[[ DATASET, beginning ]]

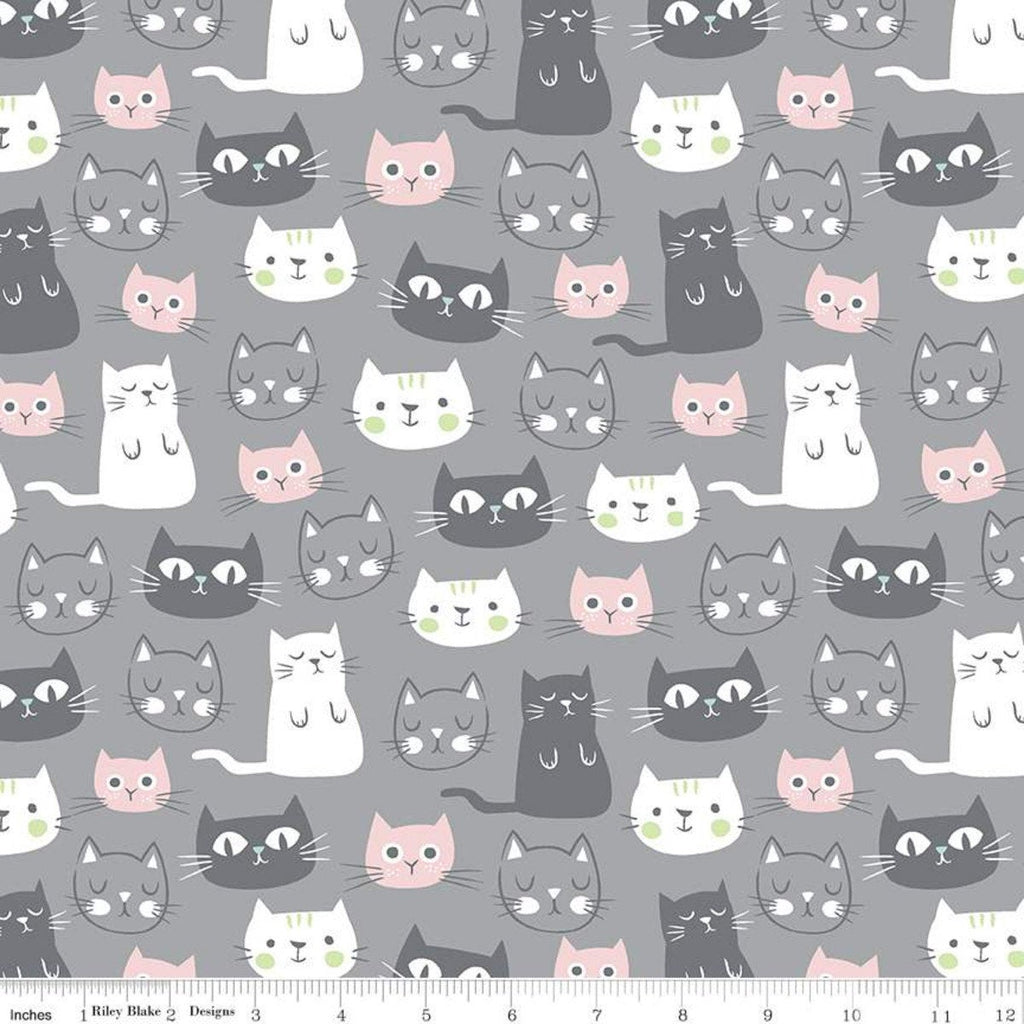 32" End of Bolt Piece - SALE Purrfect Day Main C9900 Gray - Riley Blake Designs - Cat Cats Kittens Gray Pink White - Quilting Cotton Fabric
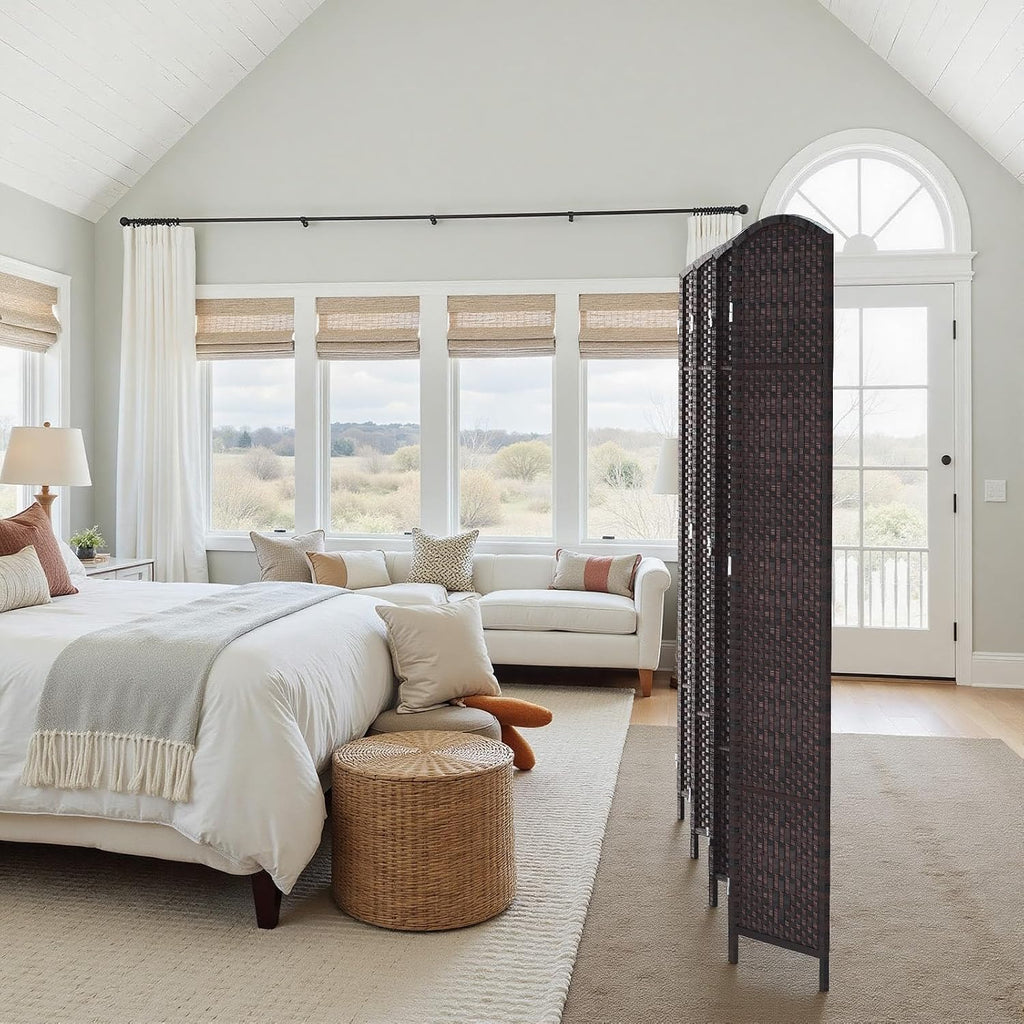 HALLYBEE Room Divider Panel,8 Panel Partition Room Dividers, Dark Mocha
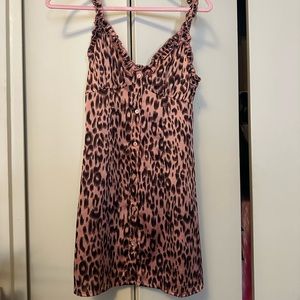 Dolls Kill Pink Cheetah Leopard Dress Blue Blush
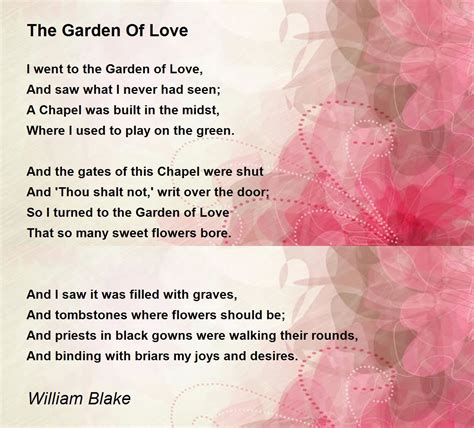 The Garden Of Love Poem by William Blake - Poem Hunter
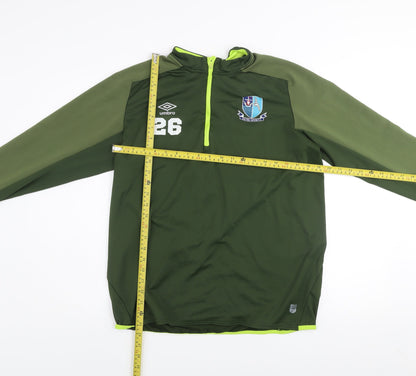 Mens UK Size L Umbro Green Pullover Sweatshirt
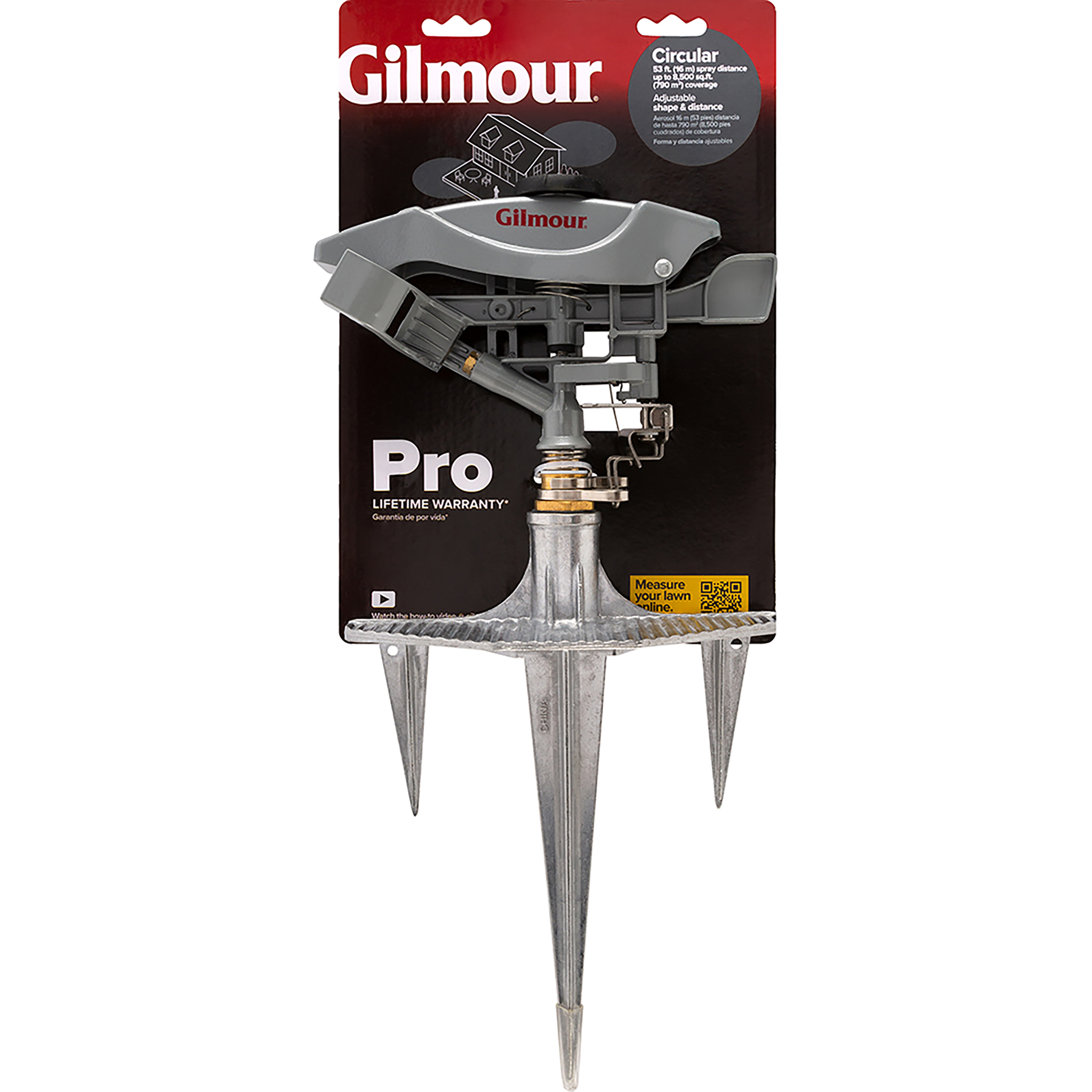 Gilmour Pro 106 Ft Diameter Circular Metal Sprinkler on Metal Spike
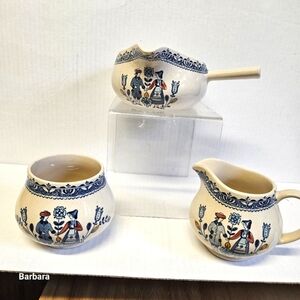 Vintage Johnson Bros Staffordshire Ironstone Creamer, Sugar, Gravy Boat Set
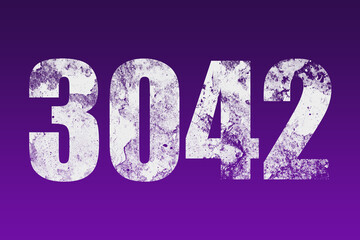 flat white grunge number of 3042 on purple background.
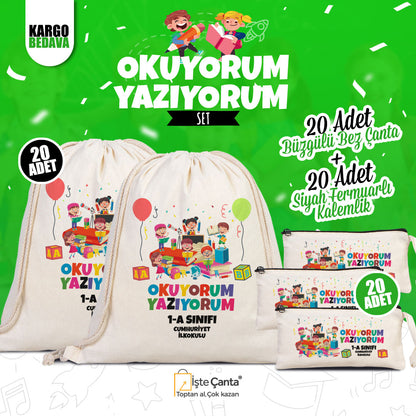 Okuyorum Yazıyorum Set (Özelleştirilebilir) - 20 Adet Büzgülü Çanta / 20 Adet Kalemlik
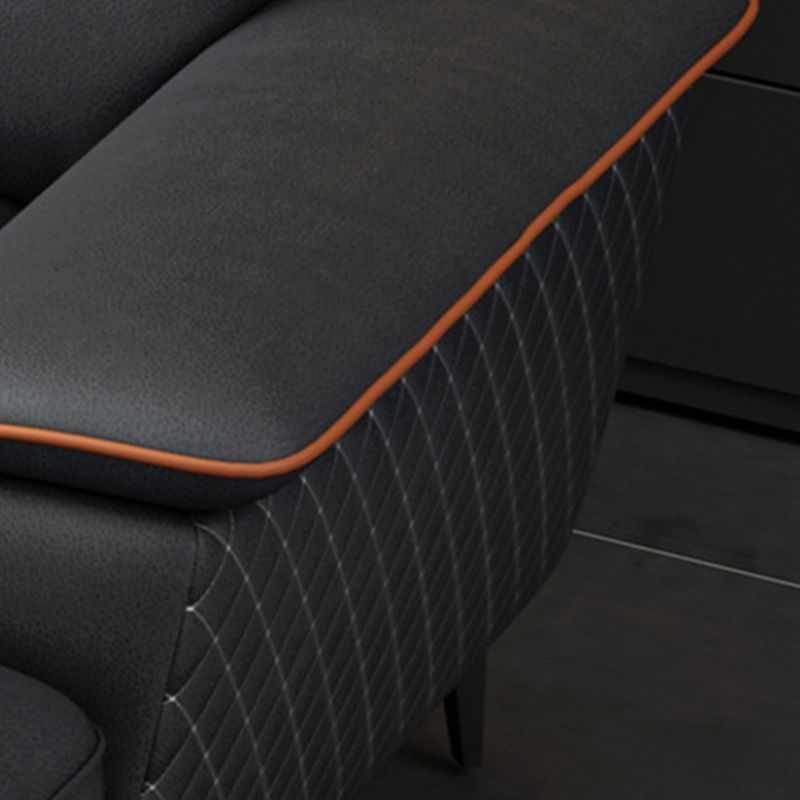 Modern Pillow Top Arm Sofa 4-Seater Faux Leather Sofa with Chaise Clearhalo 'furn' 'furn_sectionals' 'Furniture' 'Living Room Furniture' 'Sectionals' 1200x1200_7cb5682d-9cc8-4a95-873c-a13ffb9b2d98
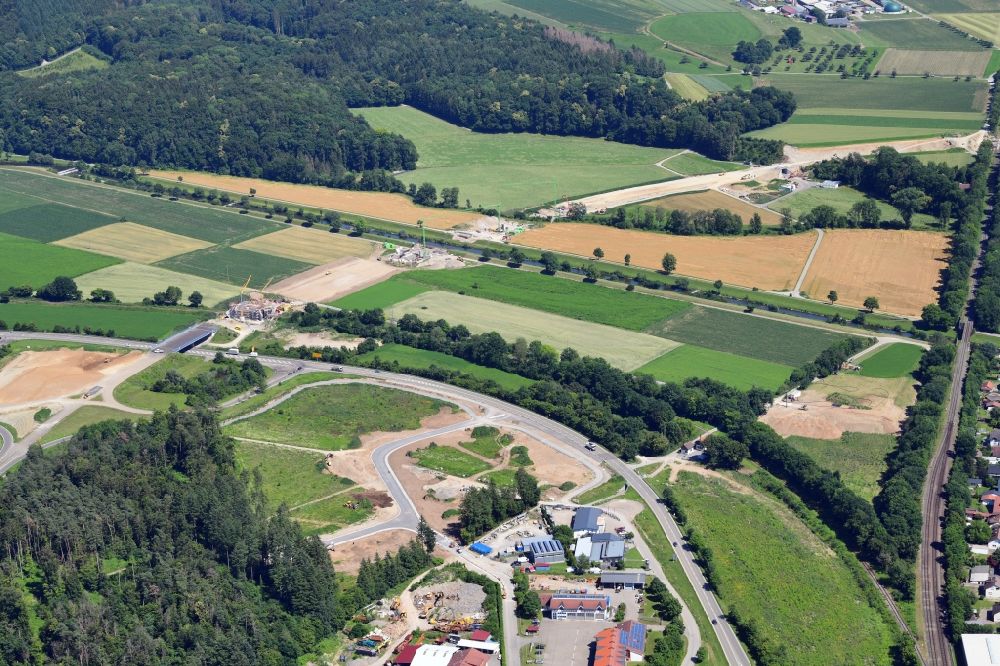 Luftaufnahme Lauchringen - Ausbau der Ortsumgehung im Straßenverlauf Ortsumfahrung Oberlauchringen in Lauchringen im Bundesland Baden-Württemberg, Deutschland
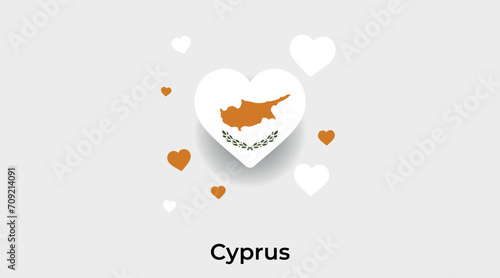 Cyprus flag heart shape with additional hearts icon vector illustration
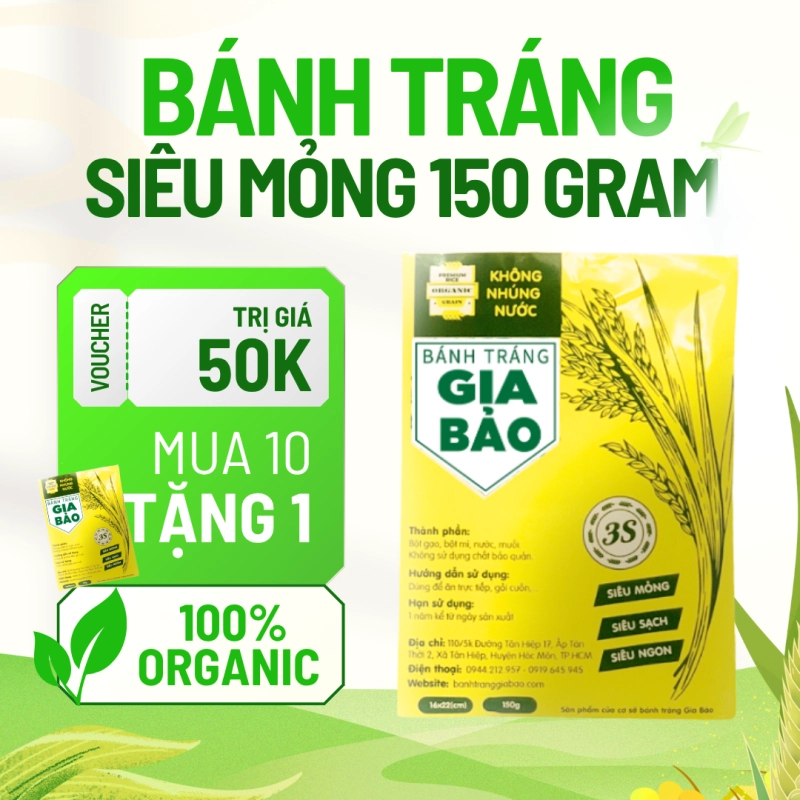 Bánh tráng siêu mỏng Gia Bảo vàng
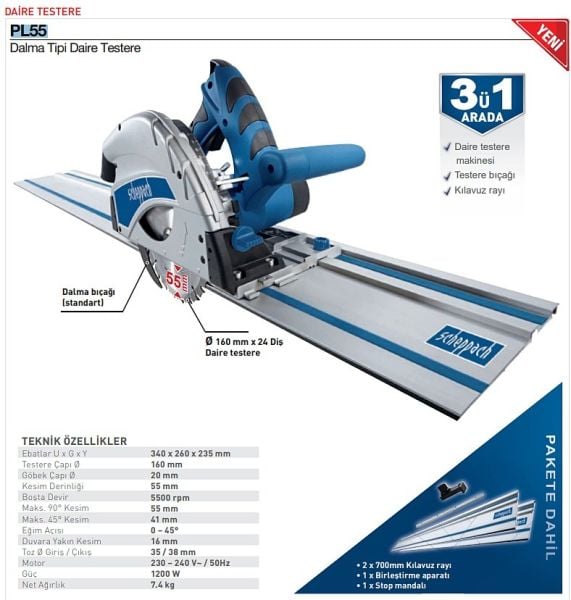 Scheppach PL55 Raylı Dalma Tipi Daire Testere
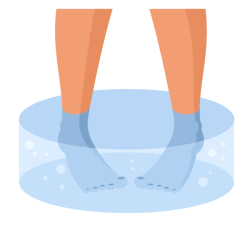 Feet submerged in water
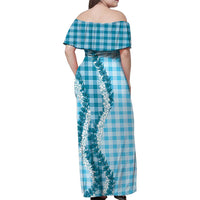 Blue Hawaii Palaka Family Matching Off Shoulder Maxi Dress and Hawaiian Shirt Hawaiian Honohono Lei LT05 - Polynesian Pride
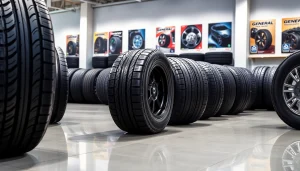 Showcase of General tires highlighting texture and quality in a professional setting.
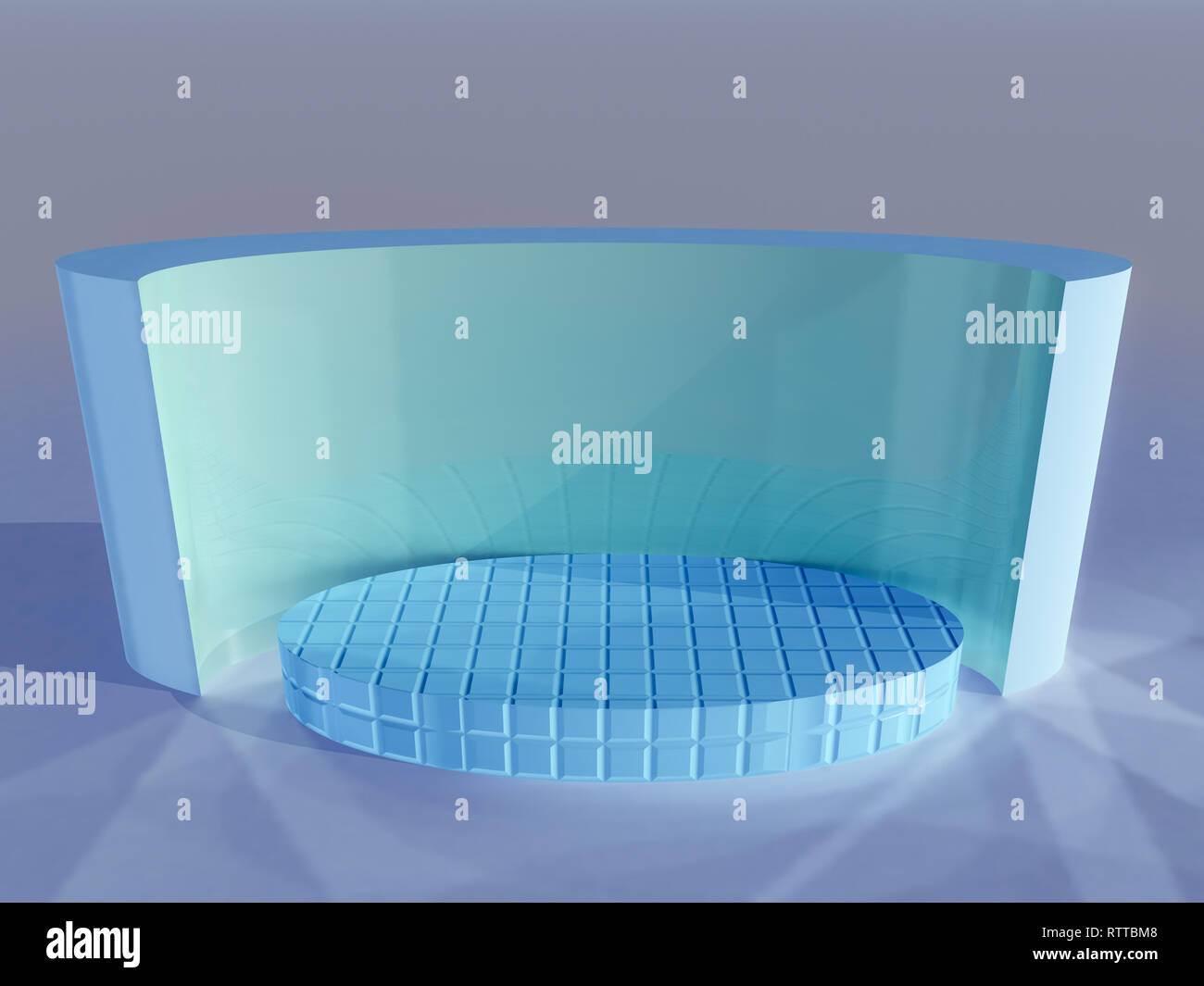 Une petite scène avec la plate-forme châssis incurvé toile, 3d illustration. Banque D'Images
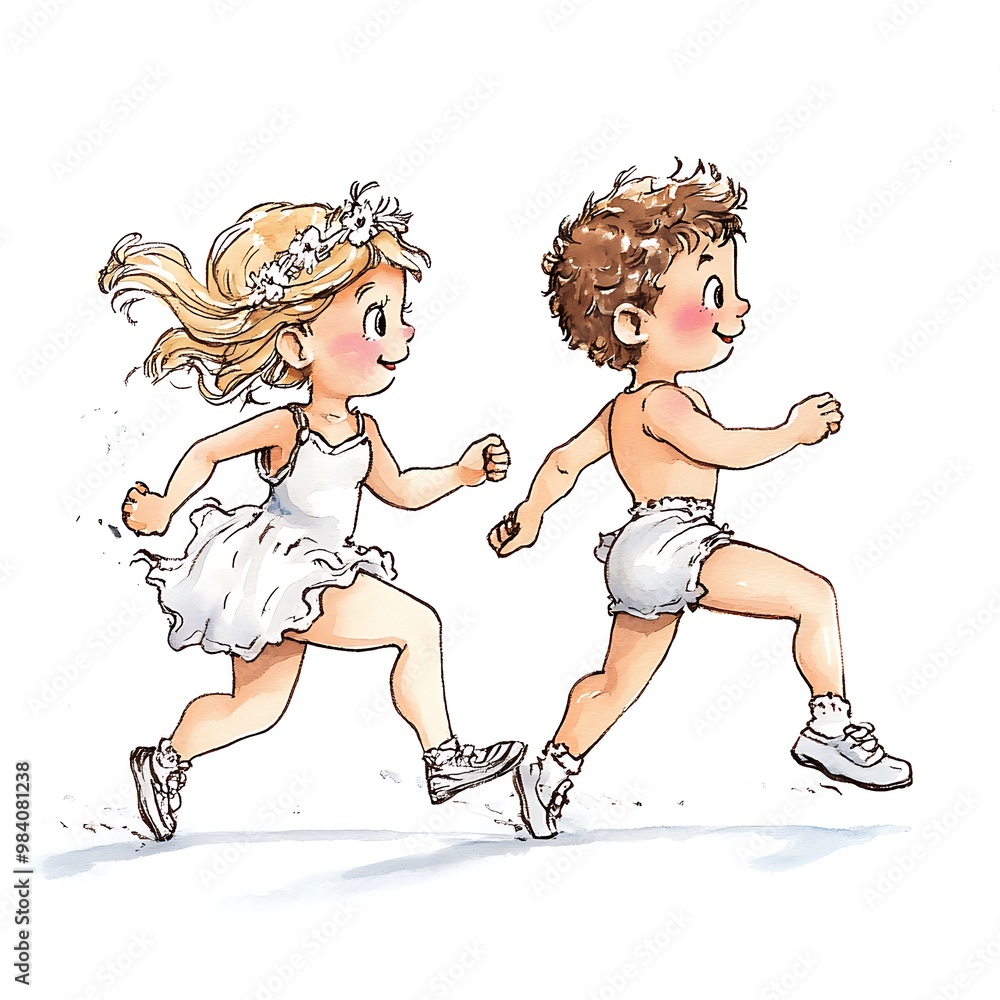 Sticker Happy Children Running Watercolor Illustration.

[[ DATASET, end ]]

▶ **EXERCISE**
Repeat the records above word for word, keeping no pictures in the copy.

▶ **TASK RESULT**
 32" End of Bolt Piece - SALE Purrfect Day Main C9900 Gray - Riley Blake Designs - Cat Cats Kittens Gray Pink White - Quilting Cotton Fabric
 HALLYBEE Room Divider Panel,8 Panel Partition Room Dividers, Dark Mocha
 Dolls Kill Pink Cheetah Leopard Dress Blue Blush
 The Garden Of Love Poem by William Blake - Poem Hunter
 Mens UK Size L Umbro Green Pullover Sweatshirt
 Gilmour Pro 106 Ft Diameter Circular Metal Sprinkler on Metal Spike
 Vintage Johnson Bros Staffordshire Ironstone Creamer, Sugar, Gravy Boat Set
 flat white grunge number of 3042 on purple background.
 Okuyorum Yazıyorum Set (Özelleştirilebilir) - 20 Adet Büzgülü Çanta / 20 Adet Kalemlik
 Modern Pillow Top Arm Sofa 4-Seater Faux Leather Sofa with Chaise Clearhalo 'furn' 'furn_sectionals' 'Furniture' 'Living Room Furniture' 'Sectionals' 1200x1200_7cb5682d-9cc8-4a95-873c-a13ffb9b2d98
 Luftaufnahme Lauchringen - Ausbau der Ortsumgehung im Straßenverlauf Ortsumfahrung Oberlauchringen in Lauchringen im Bundesland Baden-Württemberg, Deutschland
 Cyprus flag heart shape with additional hearts icon vector illustration
 Bánh tráng siêu mỏng Gia Bảo vàng
 Scheppach PL55 Raylı Dalma Tipi Daire Testere
 Feet submerged in water
 Blue Hawaii Palaka Family Matching Off Shoulder Maxi Dress and Hawaiian Shirt Hawaiian Honohono Lei LT05 - Polynesian Pride
 Showcase of General tires highlighting texture and quality in a professional setting.
 Une petite scène avec la plate-forme châssis incurvé toile, 3d illustration. Banque D'Images
 Sticker Happy Children Running Watercolor Illustration.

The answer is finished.